Le groupe israélien Teva, numéro un mondial des médicaments génériques, confronté à de sérieuses difficultés financières, a annoncé jeudi la suppression de 14 000 emplois dans le monde au cours des deux prochaines années, soit 25% de ses effectifs.

L'ancien fleuron de l'industrie israélienne, qui se débat depuis des mois avec les retombées de décisions managériales passées et des circonstances défavorables, a présenté jeudi un plan de restructuration douloureux devant lui permettre de faire 3 milliards de dollars d'économies d'ici à fin 2019.

«Ce plan est crucial pour restaurer notre sécurité financière et stabiliser nos affaires», dit le PDG du groupe Kare Schultz, dans une lettre aux employés publiée par la Bourse de Tel-Aviv.

Dans cette lettre, il souligne l'acuité de la situation pour un groupe dont la dette est chiffrée à 35 milliards de dollars. La priorité est de «maintenir la continuité de nos affaires et de mettre en oeuvre la restructuration», dit-il.

«Une stratégie à long terme viendra plus tard dans l'année. À court terme, nous devons nous concentrer sur la nécessité de générer de la trésorerie, assurer des revenus à court terme et le service de notre dette».

Teva va se séparer de 14 000 employés sur deux ans, sans tenir compte de l'impact que pourraient avoir de futures cessions d'unités du groupe. La majorité des licenciements est prévue en 2018, «tous les secteurs et toutes les régions (du monde) seront affectés», souligne le PDG dans son courrier.

Teva va fermer ou céder «un nombre significatif de sites de production aux États-Unis, en Europe, en Israël et sur les marchés de croissance». Les centres de recherche et développement, le siège et différents bureaux à travers le monde seront également touchés.

Grève annoncée

Le groupe n'a pas fourni de décompte par pays.

En Israël, le chef de la centrale syndicale Histadrout, Avi Nissenkorn, a rencontré la direction de Teva et affirmé que 1750 salariés allaient perdre leur emploi dans le pays (1250 en 2018, 500 en 2019).

L'un des sites de production israéliens doit être fermé, ce qui est «inacceptable», a-t-il dit, ajoutant que la centrale appelait à la grève dans tout le pays dimanche.

Cependant, Israël ne représente qu'un peu moins de 7000 salariés sur les 57 000 dans le monde, dont une large proportion en Europe et, dans une moindre mesure, aux États-Unis.

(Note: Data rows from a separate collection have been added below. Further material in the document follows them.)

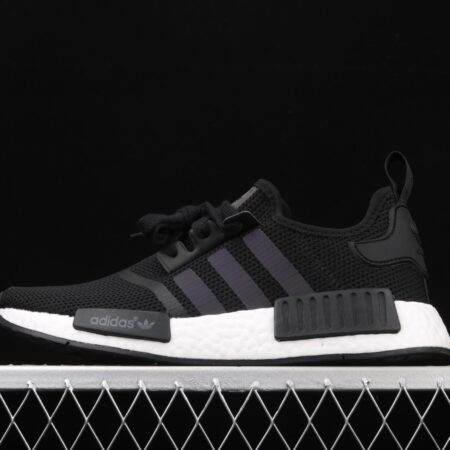 Adidas NMD R1 Boost FV8152's new really hot casual running shoes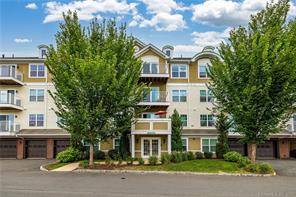 Beautiful 2 bedroom 1 bathroom condo in highly sought after Quaker Green Complex.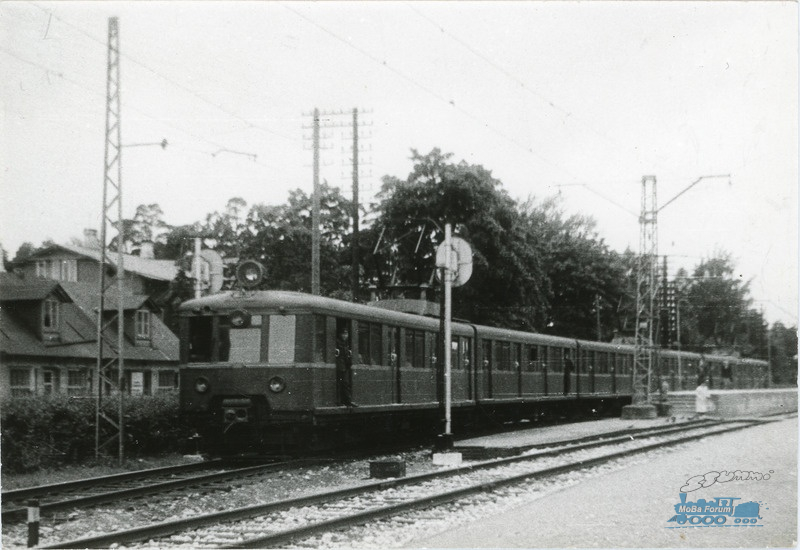 Elektrirong EM167 NÃµmme jaamas, 18. juuli 1958.jpg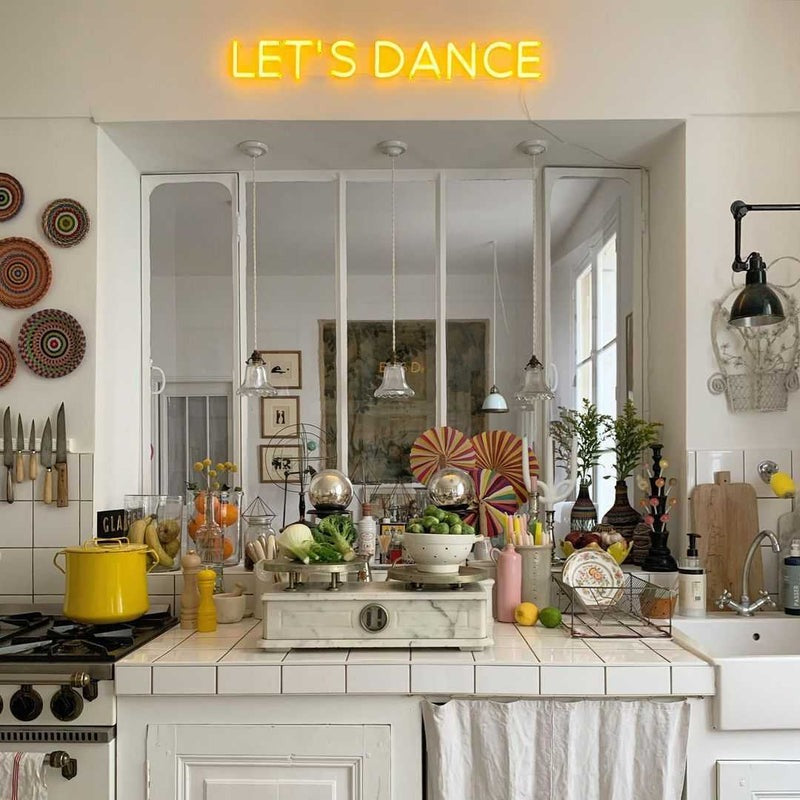 High Design : How to decorate like a pro with neon lights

Teva a aussi annoncé la suspension des dividendes sur ses actions ordinaires et sur les certificats de dépôt (American depositary share, ADS, titres de créances), dans le cadre d'un «plan de restructuration complet destiné à réduire de manière significative ses coûts».

Teva ne versera pas non plus de bonus annuel en 2017, «les résultats financiers étant notablement inférieurs» aux prévisions pour l'année.

Teva se fixe pour objectif de réaliser d'ici à fin 2018 la moitié du plan d'économies de 3 milliards de dollars.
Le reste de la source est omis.